Series	mvpp2: page_pool support \| expand [RFC,net-next,0/2] mvpp2: page_pool support [RFC,net-next,1/2] mvpp2: use page_pool allocator [RFC,net-next,2/2] mvpp2: memory accounting

Matteo Croce Dec. 24, 2019, 1:01 a.m. UTC

This patches change the memory allocator of mvpp2 from the frag allocator to
the page_pool API. This change is needed to add later XDP support to mvpp2.
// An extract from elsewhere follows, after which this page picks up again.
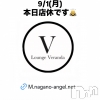 ƲХ顦 Lounge Veranda(饦󥸥٥)91Ź®9/1()Ź٤Ǥ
The reason I send it as RFC is that with this changeset, mvpp2 performs much
more slower. This is the tc drop rate measured with a single flow:

stock net-next with frag allocator:
rx: 900.7 Mbps 1877 Kpps

this patchset with page_pool:
rx: 423.5 Mbps 882.3 Kpps

This is the perf top when receiving traffic:

  27.68%  [kernel]            [k] __page_pool_clean_page
   9.79%  [kernel]            [k] get_page_from_freelist
   7.18%  [kernel]            [k] free_unref_page
   4.64%  [kernel]            [k] build_skb
   4.63%  [kernel]            [k] __netif_receive_skb_core
   3.83%  [mvpp2]             [k] mvpp2_poll
   3.64%  [kernel]            [k] eth_type_trans
   3.61%  [kernel]            [k] kmem_cache_free
   3.03%  [kernel]            [k] kmem_cache_alloc
   2.76%  [kernel]            [k] dev_gro_receive
   2.69%  [mvpp2]             [k] mvpp2_bm_pool_put
   2.68%  [kernel]            [k] page_frag_free
   1.83%  [kernel]            [k] inet_gro_receive
   1.74%  [kernel]            [k] page_pool_alloc_pages
   1.70%  [kernel]            [k] __build_skb
   1.47%  [kernel]            [k] __alloc_pages_nodemask
   1.36%  [mvpp2]             [k] mvpp2_buf_alloc.isra.0
   1.29%  [kernel]            [k] tcf_action_exec

I tried Ilias patches for page_pool recycling, I get an improvement
to ~1100, but I'm still far than the original allocator.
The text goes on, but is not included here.